HOST: “I’m speaking with BART’s bicycle program manager Steve Beroldo.  It really is a balancing act isn’t it?  The bikes can be kind of cumbersome, especially on the system.  I’m thinking morning and afternoon commute there are so many passengers in the system already that space really is at a scarcity.  What sort of advice do you have for folks who want to take a bike on the system?”

BEROLDO: “A couple years ago our board being very forward thinking relaxed BART’s restrictions on taking bikes onto the trains during the commute period and for the last few years we have allowed bikes at all times on all trains with one important rule basically and that is if the train is too crowded don’t board it with your bike.  It’s something that requires folks to kind of make a judgement call when they see a train.  Now all of our trains currently have two spaces, one at each door, set aside for bikes.  There’s an area that’s signed for bikes and there’s a bar to kind of lean your bike against.  We’re actually testing some straps right now that will help people hold their bikes in place.  But the trains are crowded and as we were saying earlier there are more and more folks taking their bikes on BART.  What I have noticed, and it’s really heartening to see, when we first changed the rules people were used to getting on and maybe one person would use the bike space and other people would kind of stand in the middle of the train with their bikes.  But people have really learned that they can just lean their bikes together all in the bike space and it’s become a pretty efficient way to carry bikes on the trains.”

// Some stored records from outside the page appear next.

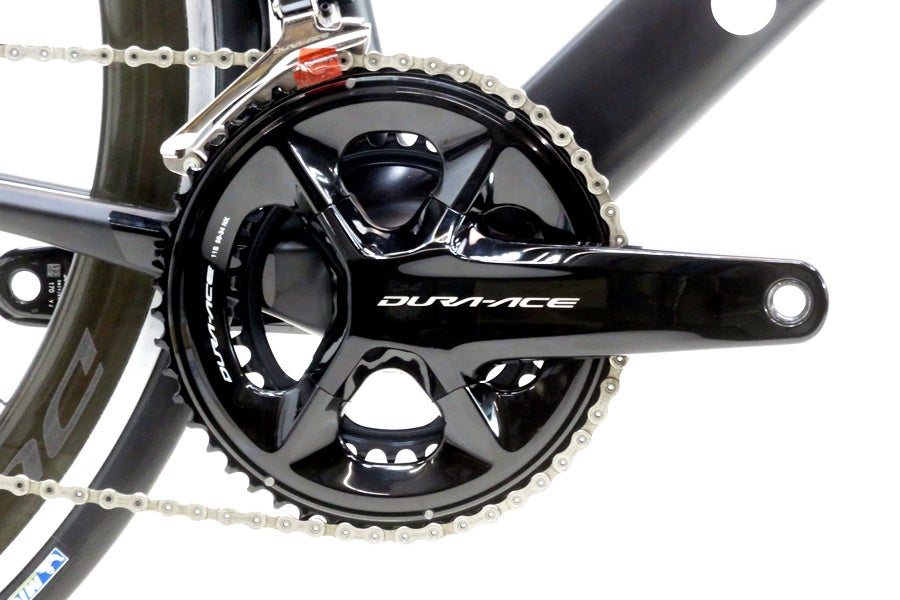 ヨネックス YONEX AEROLIGHT DURA-ACE/ULTEGRA MIX Di2年式不明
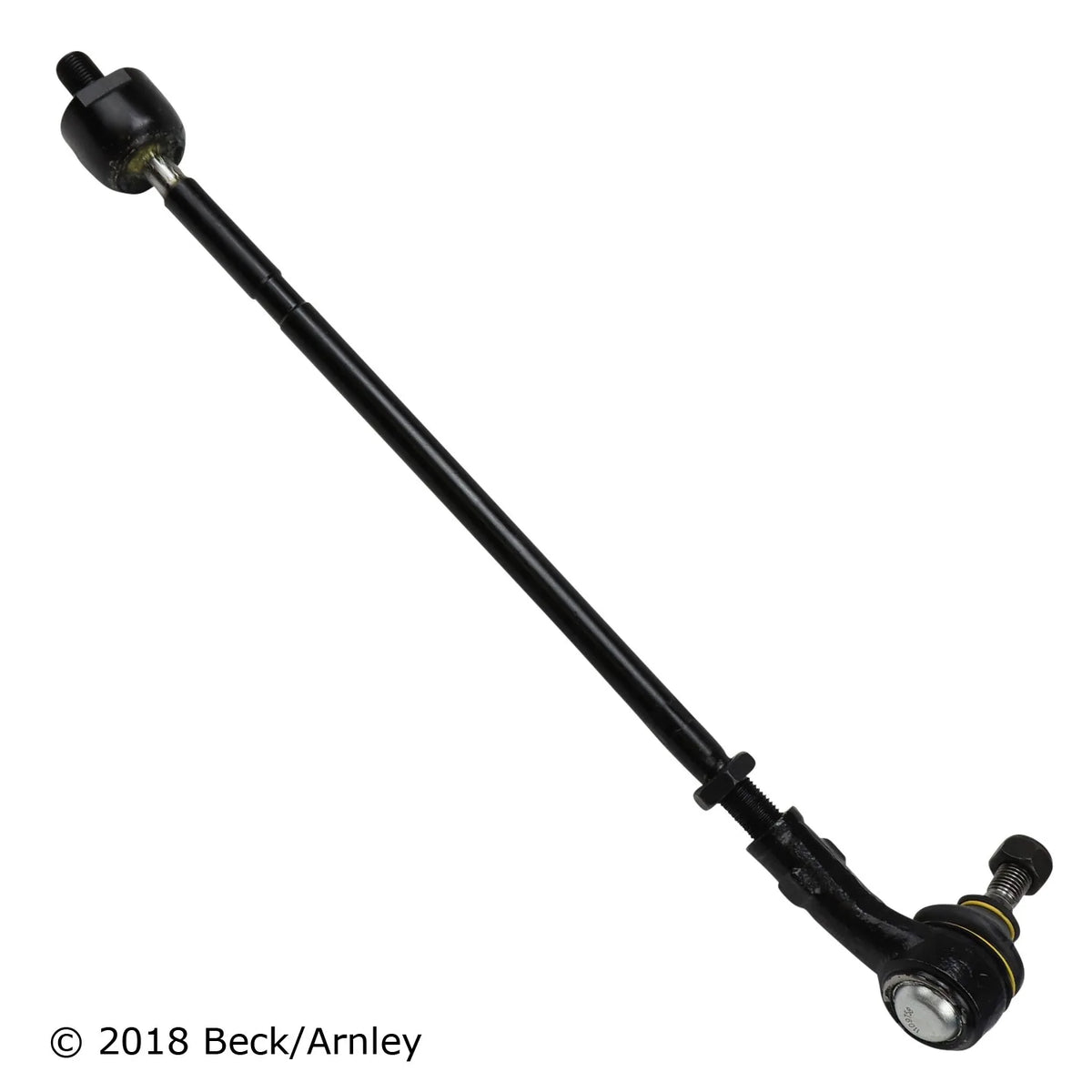 Beck/Arnley 101-4498 1995-2002 Volkswagen Cabrio Steering Tie Rod Assembly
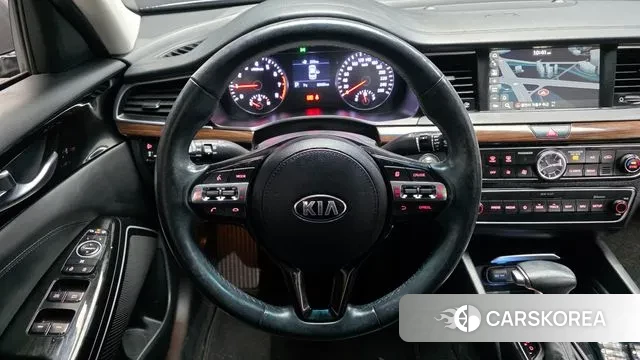 Kia Come New K7 2019 Серый из Кореи, фото 4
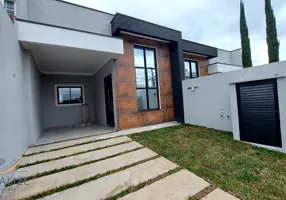 Foto 1 de Casa com 3 Quartos à venda, 102m² em Afonso Pena, São José dos Pinhais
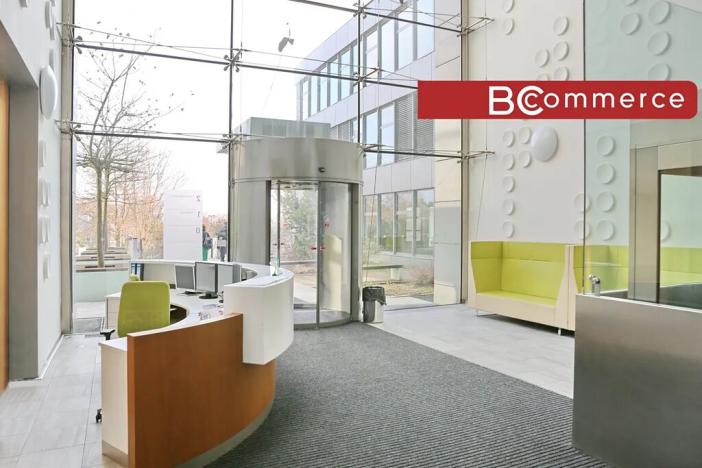 Pronájem kanceláře, Brno, 400 m2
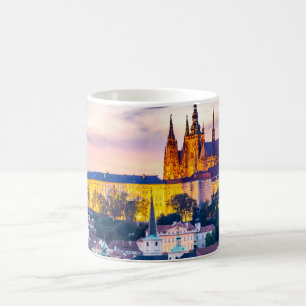 Prag Kaffemugg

HOST: “In line with that here’s a question I think a lot of our riders have and especially folks who take their bicycles on the system.  Why do we not allow bicycles on the first car of a train?”

BEROLDO: “That rule goes way back and it has to do with in an emergency situation there’s some equipment that the train operator may need to get to.  The train operator also may need to get out of the first car quickly and the feeling is that bikes could provide some interference or interfere with the safe operation of the train.  It’s a safety-related rule and I think it’s a pretty minor rule in terms of most trains have ten cars so there are nine others for bikes.  It also provides a place for folks who really don’t want to deal with bikes they know if they get in the first there won’t be any on it.”

HOST: “The regulation of bikes on BART has kind of been an evolution over time.  It’s almost hard to imagine that there was actually a point where if you wanted to take your bike on to the system you had to register and you had to get a card from BART essentially to have permission to do that.  I mean that just seems really strange compared with where things are right now.”

BEROLDO: “And that’s actually an improvement over where BART started.  When the system first opened there were no bikes allowed period on the trains.  There was some advocacy work by bike groups and BART relented and started allowing people on with a permit.  You had to ride in just the last car of the train and it is pretty exciting that now, 40 years later, we basically allowed bikes on all cars at all times. In between there were periods where there were commute period restrictions and certain stations you couldn’t go into at specific hours and no bikes on a number of cars.  But at the moment we’re allowing bikes on all cars at all times with a few restrictions but it seems to be working great.”

HOST: “You see a lot of cities adopting more bike lanes in their communities; even smaller cities are really starting to add those bike lanes.  Do you feel like in the Bay Area we’ve kind of had this awakening, especially in recent years, that bikes are an important part of our community and a way to get around that potentially takes a car off the roadways.”

BEROLDO: “I think the progress that a lot of cities have made in the last few years is huge and I think people think of sustainability and that driving and building big parking lots is really not the best solution for the long term.  As we’ve seen from some European cities where bikes are the primary way of getting around pretty much if you build it they will come.  I think the cities who are investing in bike infrastructure and bike lanes, the most recent movement is trying to create bike infrastructure where everyone is comfortable.  Not just the real serious bicyclists but where kids and seniors and everybody can feel comfortable and safe riding on their streets and I think that’s going to dramatically expand how many people use their bikes and how many places we can get to on them.”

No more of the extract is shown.